Your instructions
In the listing below, locate the line that contains "Dueño frente a las cajas de conos" and the line that contains "El Espanyol felicita". Restate word for word those two lines and every line between them, and nothing else.
-------- Records for processing
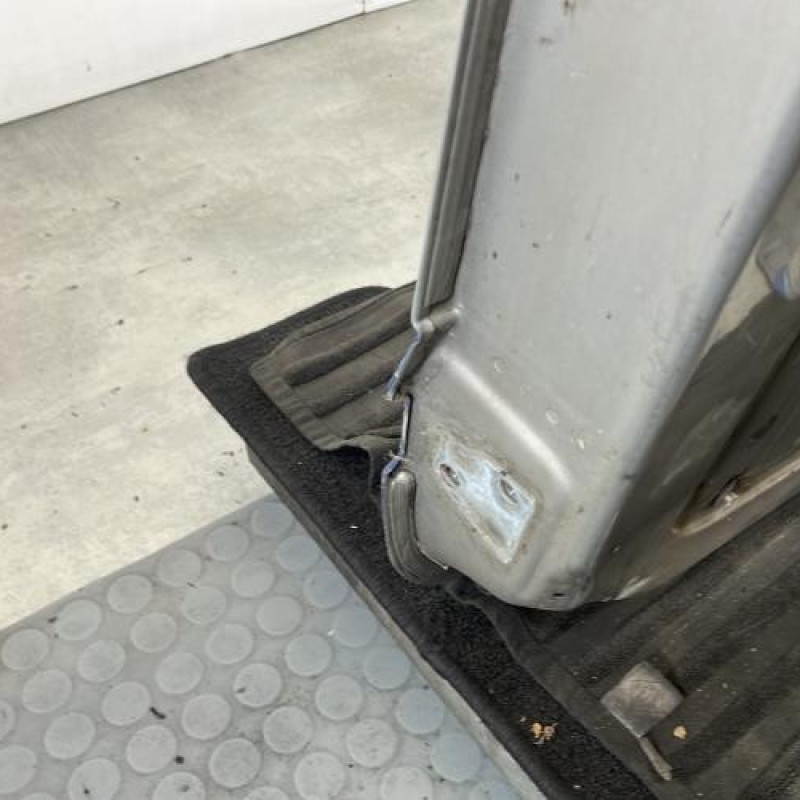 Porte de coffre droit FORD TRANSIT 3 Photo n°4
----------------
-------- Records for processing
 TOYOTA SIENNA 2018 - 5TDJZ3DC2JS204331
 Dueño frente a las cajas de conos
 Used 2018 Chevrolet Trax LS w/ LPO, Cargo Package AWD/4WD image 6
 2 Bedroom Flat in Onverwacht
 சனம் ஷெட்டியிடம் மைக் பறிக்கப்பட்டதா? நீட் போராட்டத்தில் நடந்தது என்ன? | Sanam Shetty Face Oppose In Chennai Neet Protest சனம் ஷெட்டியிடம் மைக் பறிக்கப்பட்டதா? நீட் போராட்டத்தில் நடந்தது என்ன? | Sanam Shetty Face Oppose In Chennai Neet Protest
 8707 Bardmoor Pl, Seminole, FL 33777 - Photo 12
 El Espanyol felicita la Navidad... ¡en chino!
----------------
Solved problem
 Dueño frente a las cajas de conos
 Used 2018 Chevrolet Trax LS w/ LPO, Cargo Package AWD/4WD image 6
 2 Bedroom Flat in Onverwacht
 சனம் ஷெட்டியிடம் மைக் பறிக்கப்பட்டதா? நீட் போராட்டத்தில் நடந்தது என்ன? | Sanam Shetty Face Oppose In Chennai Neet Protest சனம் ஷெட்டியிடம் மைக் பறிக்கப்பட்டதா? நீட் போராட்டத்தில் நடந்தது என்ன? | Sanam Shetty Face Oppose In Chennai Neet Protest
 8707 Bardmoor Pl, Seminole, FL 33777 - Photo 12
 El Espanyol felicita la Navidad... ¡en chino!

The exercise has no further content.